> _Instructions for the task_:
An exact restatement of the data below, with the pictures removed, is the required answer.
━━━━━ Stored data
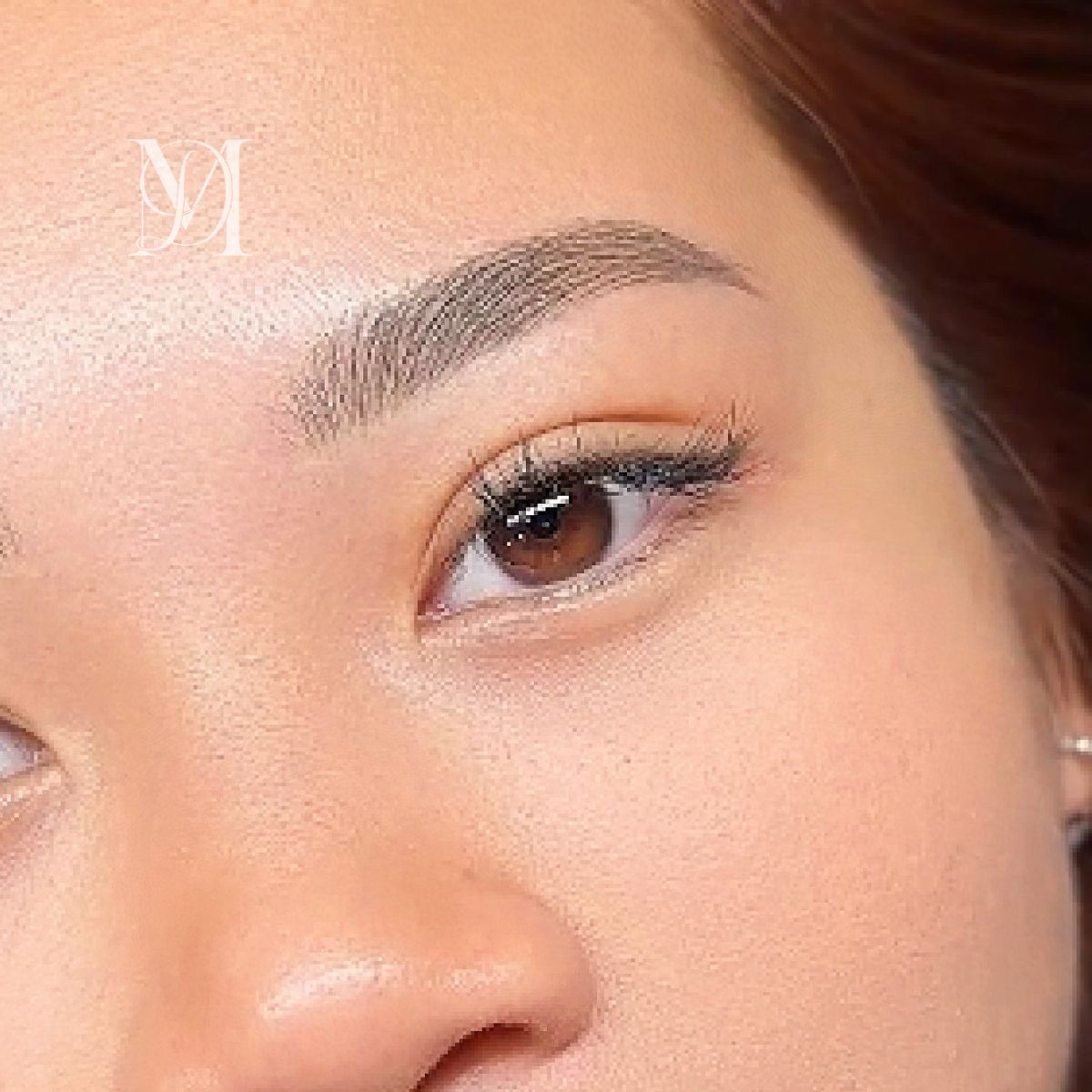 สักคิ้วลายเส้น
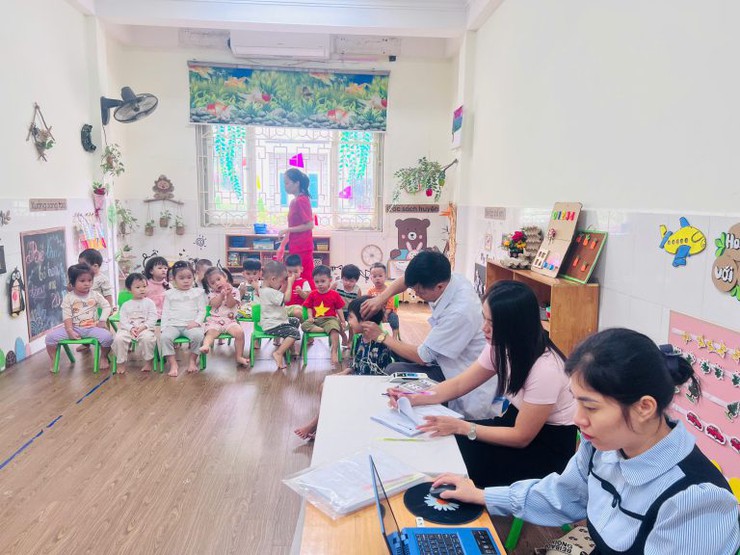 Tầm soát, chẩn đoán, điều trị một số tật, bệnh thông qua sàng lọc khiếm thính cho trẻ từ 2 đến 5 tuổi tại các trường mầm non công lập và tư thục trên địa bàn phường Văn Miếu – Quốc Tử Giám- Ảnh 3.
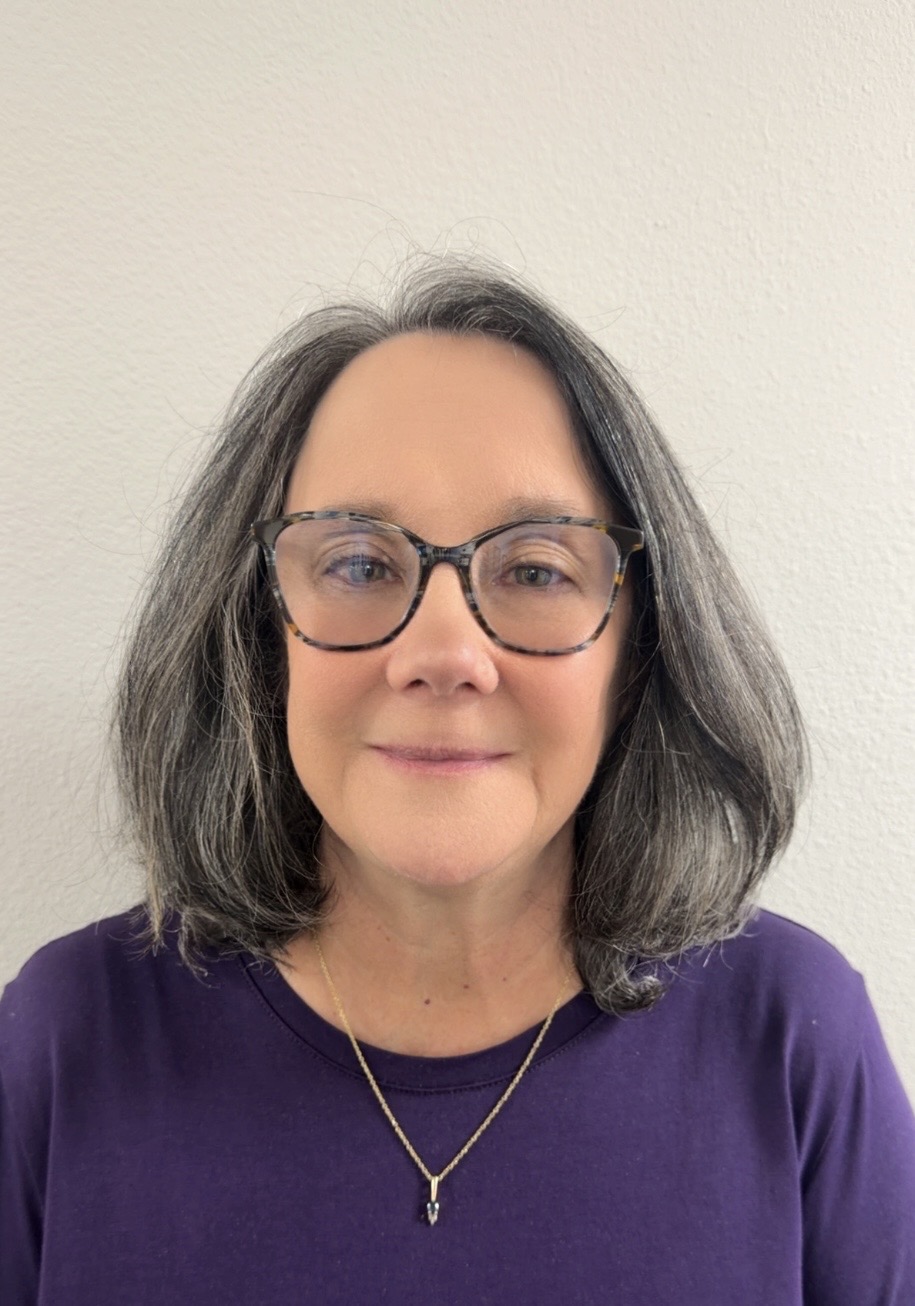 staff image of Lisa Tomsic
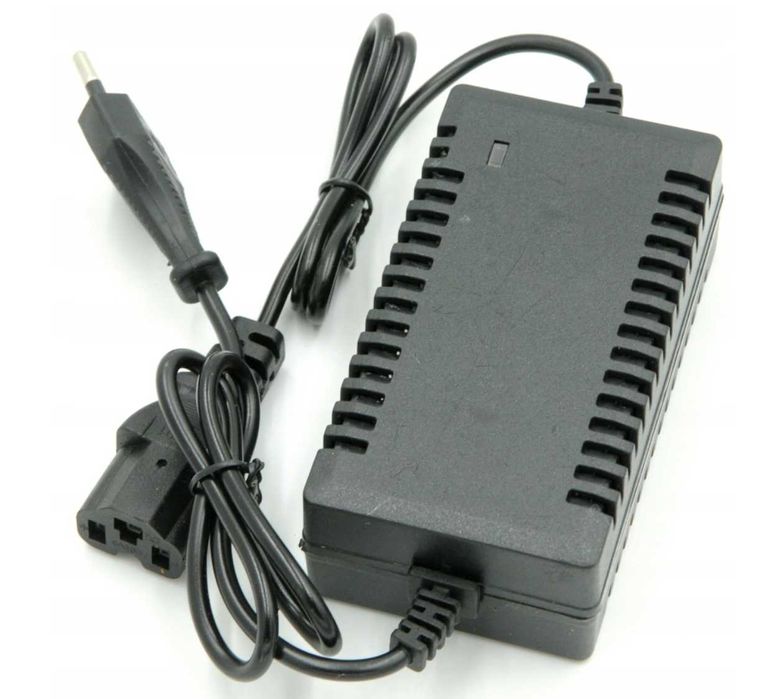 Акумуляторна сівалка розкидач добрив Bass Polska 20 л 10 м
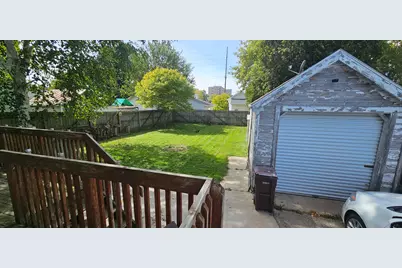 616 S 18th St, Manitowoc, WI 54220 - Photo 2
━━━━━━━━━━
> _Output for this task_:
 สักคิ้วลายเส้น
 Tầm soát, chẩn đoán, điều trị một số tật, bệnh thông qua sàng lọc khiếm thính cho trẻ từ 2 đến 5 tuổi tại các trường mầm non công lập và tư thục trên địa bàn phường Văn Miếu – Quốc Tử Giám- Ảnh 3.
 staff image of Lisa Tomsic
 Акумуляторна сівалка розкидач добрив Bass Polska 20 л 10 м
 616 S 18th St, Manitowoc, WI 54220 - Photo 2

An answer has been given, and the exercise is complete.